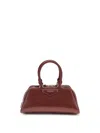 Givenchy Bordeaux Calf Leather Bos Taurus Handbag In Pattern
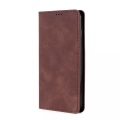 Xiaomi Mi 11 - Stand Flip Case Hülle dunkelbraun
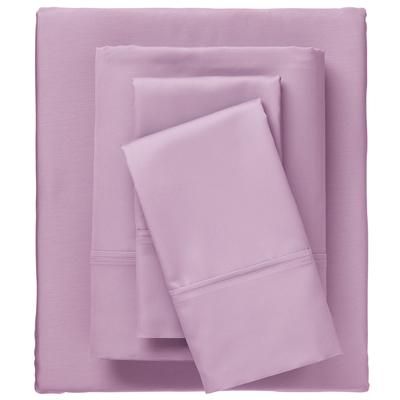 Bed Tite 800 Thread Count Sheet Set by BrylaneHome in Dusty Lilac (Size QUEEN)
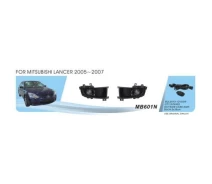 Купить - автофару  Фары доп. модель Mitsubishi Lancer 2005-07 / MB-601N-W / эл.проводку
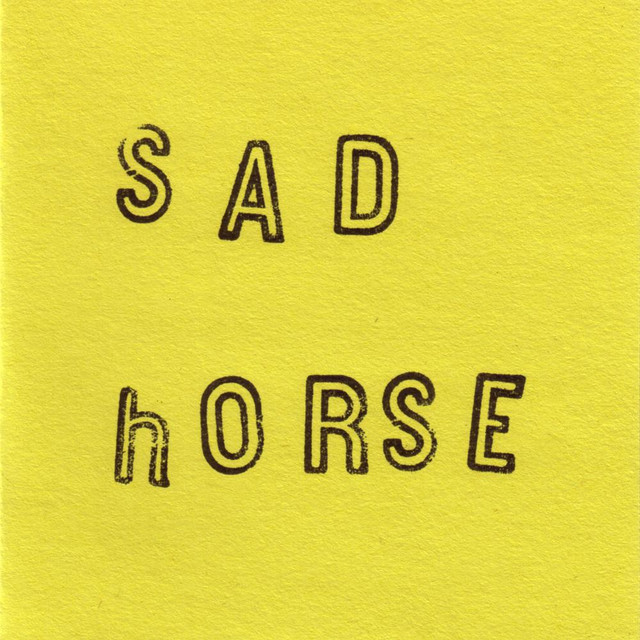 Sad Horse Photo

• _REQUIRED ACTION_
Leave every picture out and print exactly the lines from the one that contains "Bed Tite 800" through the last line of the material above.

• _OUTPUT_
 Bed Tite 800 Thread Count Sheet Set by BrylaneHome in Dusty Lilac (Size QUEEN)
 Купить - автофару  Фары доп. модель Mitsubishi Lancer 2005-07 / MB-601N-W / эл.проводку
 Sad Horse Photo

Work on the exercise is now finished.